L'impianto coloristico dell'opera crea un armonioso equilibrio tra i toni bruni e spenti delle parti in ombra e i vividi colori che risaltano laddove batte la luce. La varietà e l'efficacia delle pose dei tanti astanti, così come la coinvolgente resa dei moti dell'animo sono forse il risultato di studi dal vero con i quali il pittore si è preparato per questa complessa messa in scena[7]. In tutto ciò si avverte l'influsso del Tintoretto sul quale Zanchi ha verosimilmente riflettuto a fondo per dar vita ad un'opera destinata ad una sede così segnata dal genio di quel grande maestro[10].
Note
[modifica | modifica wikitesto]- ^ Il dipinto di Zanchi nel contesto architettonico che lo ospita
- ^ La pestilenza del 1630 non toccò solo Venezia. Celeberrima è la descrizione fatta da Alessandro Manzoni, ne I promessi sposi, degli effetti che il morbo ebbe a Milano. Anche varie altre parti del Nord Italia vennero raggiunte dall'epidemia.
- ^ Per la storia dell'epidemia veneziana si veda, Giovanni Casoni, La peste di Venezia nel MDCXXX. Origine della erezione del tempio a S. Maria della Salute, Venezia, 1830.
- ^ Rudolf Wittkower, Arte e architettura in Italia. 1600-1750, Torino, 2005, p. 291.
- ^ a b c Alberto Craievich, Un modelletto di Pietro Negri, in Arte in Friuli Arte a Trieste, N. 24 (2005), pp. 21-24.
- ^ Alberto Riccoboni, Antonio Zanchi e la pittura veneziana del Seicento, in Saggi e Memorie di Storia dell'Arte, N. 5 (1966), p. 57.
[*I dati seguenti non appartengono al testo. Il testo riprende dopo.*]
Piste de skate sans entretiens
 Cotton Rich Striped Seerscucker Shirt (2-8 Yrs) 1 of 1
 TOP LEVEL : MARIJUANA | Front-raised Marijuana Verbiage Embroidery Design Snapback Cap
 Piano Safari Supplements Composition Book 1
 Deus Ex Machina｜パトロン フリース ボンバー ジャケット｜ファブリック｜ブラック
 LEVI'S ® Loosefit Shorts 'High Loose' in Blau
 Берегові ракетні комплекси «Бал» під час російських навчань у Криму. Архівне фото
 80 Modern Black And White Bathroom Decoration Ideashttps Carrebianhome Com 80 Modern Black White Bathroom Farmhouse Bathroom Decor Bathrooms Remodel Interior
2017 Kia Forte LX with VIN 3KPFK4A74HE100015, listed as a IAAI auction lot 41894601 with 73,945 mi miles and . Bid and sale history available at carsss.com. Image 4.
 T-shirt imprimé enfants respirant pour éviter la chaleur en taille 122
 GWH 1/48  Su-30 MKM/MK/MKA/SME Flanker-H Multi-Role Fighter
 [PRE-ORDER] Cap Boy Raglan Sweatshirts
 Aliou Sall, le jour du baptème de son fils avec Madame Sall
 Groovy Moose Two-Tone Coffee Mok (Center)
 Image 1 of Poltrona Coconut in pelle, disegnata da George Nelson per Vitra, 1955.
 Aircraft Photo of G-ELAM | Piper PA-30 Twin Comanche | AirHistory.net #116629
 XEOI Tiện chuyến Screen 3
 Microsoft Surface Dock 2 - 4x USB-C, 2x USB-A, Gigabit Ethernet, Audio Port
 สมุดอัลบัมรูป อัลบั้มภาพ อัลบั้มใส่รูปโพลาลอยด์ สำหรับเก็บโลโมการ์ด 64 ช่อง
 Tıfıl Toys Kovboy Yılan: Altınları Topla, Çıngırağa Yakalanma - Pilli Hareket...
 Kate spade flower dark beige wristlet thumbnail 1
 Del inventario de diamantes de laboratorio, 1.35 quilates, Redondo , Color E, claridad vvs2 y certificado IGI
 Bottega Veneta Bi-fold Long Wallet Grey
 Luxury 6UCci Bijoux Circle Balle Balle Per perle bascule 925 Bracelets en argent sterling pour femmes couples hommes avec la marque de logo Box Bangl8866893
- ^ a b c d e Alberto Riccoboni, Antonio Zanchi e la pittura veneziana del Seicento, op. cit., pp. 75-77.
- ^ a b c d e Lionello Puppi e Ruggero Rugolo, «Un'ordinaria forma non alletta». Arte, riflessione sull'arte e società, in Storia di Venezia, Vol. VII, La Venezia Barocca - Arte e cultura, Istituto dell'Enciclopedia Italiana Treccani, Roma, 1997, pp. 635-636.
- ^ Va rilevato che la basilica palladiana compare anche nel pendant di Pietro Negri, sia pure osservata da un altro punto di vista (è dietro il baldacchino sovrastante il trono dal quale si è appena alzata la personificazione di Venezia per prosternarsi alla Vergine Maria salvatrice della città). La presenza della chiesa del Redentore in tutti e due i dipinti dello scalone quindi con ogni probabilità non è casuale ed è da connettersi all'origine votiva anche di quest'altra insigne basilica veneziana. Il Redentore infatti venne innalzato per invocare la grazia divina in occasione di un'altra terribile epidemia di peste che poco più di cinquant'anni prima (tra il 1575 e 1576) del morbo del 1630 aveva flagellato Venezia.
- ^ Paola Rossi, Jacopo Tintoretto: tra fortuna critica e storia del gusto, in Giovanni Morello e Vittorio Sgarbi (a cura di), Tintoretto (Catalogo mostra Roma, Scuderie del Quirinale, 24 febbraio - 10 giugno 2012), Milano, 2012, p. 16.